İlk rotamız Yozgat Lisemiz oldu. Okulun içini gezebiliyorsunuz, mini bir müze gibi bazı eski eşyalar da mevcut. Kötü haber hafta sonu açık olmaması. Çalışan insanları düşünürsek, il dışından misafirleri gelse, bu güzel şirin binamızı sadece dışarıdan görmüş olacaklar. Çok üzülüyorum.
İkinci rotamız Eski Askerlik Şubesi Binası… Birçok etkinlik toplantı, eğitim bu binada yapılabiliyor. İçi de özenle döşenmiş bu tarihi binamız hafta sonu herhangi bir etkinlik yoksa yine kapalı. Arka tarafında açık bir bahçesi olan binanın bahçesi bakım yapılsa görüntü kirliliği de azalmış ve binaya yakışır bir hale gelmiş olacak kanaatindeyim. Hatta orayı kitap kafe gibi yapsalar gidip kitap okusak ne güzel olur.
Üçüncü rotamız da Yozgat Saat Kulemiz. Saat Kulesiyle fotoğrafı olmayan kaç kişi var bu şehirde bilemiyorum ancak güzel pozlar, öz çekimler yapılabiliyor. Saat Kulesinin balkonu zamanında yangın gözetleme kulesi gibi kullanılmış. Gönül isterdi ki biz de Saat Kulesine çıkıp, Lise Caddesine kuş bakışı bakabilseydik…
Dördüncü rotamız Tol Çarşısı… İyi restore edilen yerlerden bir tanesi.
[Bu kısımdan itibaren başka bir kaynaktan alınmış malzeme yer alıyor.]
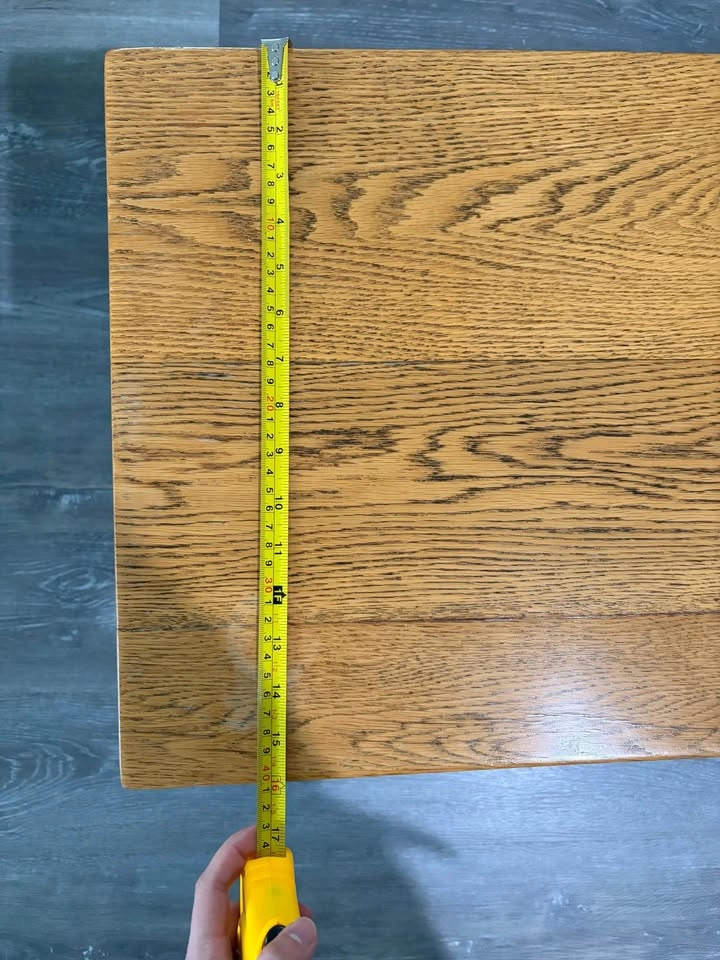 Oak Side Table - photo 3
Restore edildikten sonra çok güzeldi ne var ki, oradaki dükkanların bazı malzemelerini (borular vs) duvara yaslamış olmamaları açıkçası görüntü kirliliği yapmış. Oraya gitmişken bir çay da içmeden olmazdı. Tol Çarşısına şemsiye takılsa yukarıya ne güzel olurdu…
Beşinci rotadayız. Çapanoğlu Büyük Cami… İhtişamı ile insanı büyülüyor. Motiflerse Osmanlı döneminde Batıdan etkilenerek yapılan ilk Anadolu’daki örneklerinden. İnsanın içeriye girince manevi olarak etkilenmemesi mümkün değil. Kadınlara ayrılan bölümün çok küçük olması, hatta giriş kısmının turizm açısından daha estetik yapılması gerektiğini düşünüyorum.
Altıncı rota Hayri İnal Konağındayız. Konak oldukça güzel, hele ki orada Önder Ağabeyimiz şehrimizin yüzü. Güler yüzü, hoş sohbeti ile ziyaretçilerde güzel bir tebessüm oluşturuyor. Konağa geldin, Önder Ağabey bir da saz çalıp, bir türkü söylemiş ise senden şansısı yok. Konakta yerli yemişiz kavurga ve çay ikram ediliyor. Benden tam puan alan Hayri İnal Konağı ve ekibi, elbette Yozgat Belediyemiz takdiri hak ediyor, hakkını yememek lazım .
Yedinci rota Yozgat Müzesi. Birlikte rota oluştururken arkadaşlarım müzenin ücretli olduğunu hatta kartsız girilmeyeceğini biliyorlarmış. Yozgat Müzemiz ücretsiz, kartsız giriliyor. Yozgat Müze ekibi de oldukça ilgili ziyaretçilerle. Bize o gün müzeyi gezdiren arkeolog arkadaşımız Olcay Bey’e de teşekkürlerimi sunarım. Sanırım şehrimizde teşekkür etmeyi unutuyoruz. Emek verenler küstürülmemeli. Yozgat Müzesi pazartesi günleri hariç her gün mesai saatlerinde açık. Yeni modern bir müzeye ihtiyacımız olduğunu düşünüyorum ayrıca.
Sekizinci rotamız Hüzni Baba Konağı. Bu konakta da edebiyat, sanatla ilgili etkinlikler yapılıyor. Etkinlik haricinde yine konak kapalı. Belediyemizden ricamız hafta sonları da ziyarete açılması.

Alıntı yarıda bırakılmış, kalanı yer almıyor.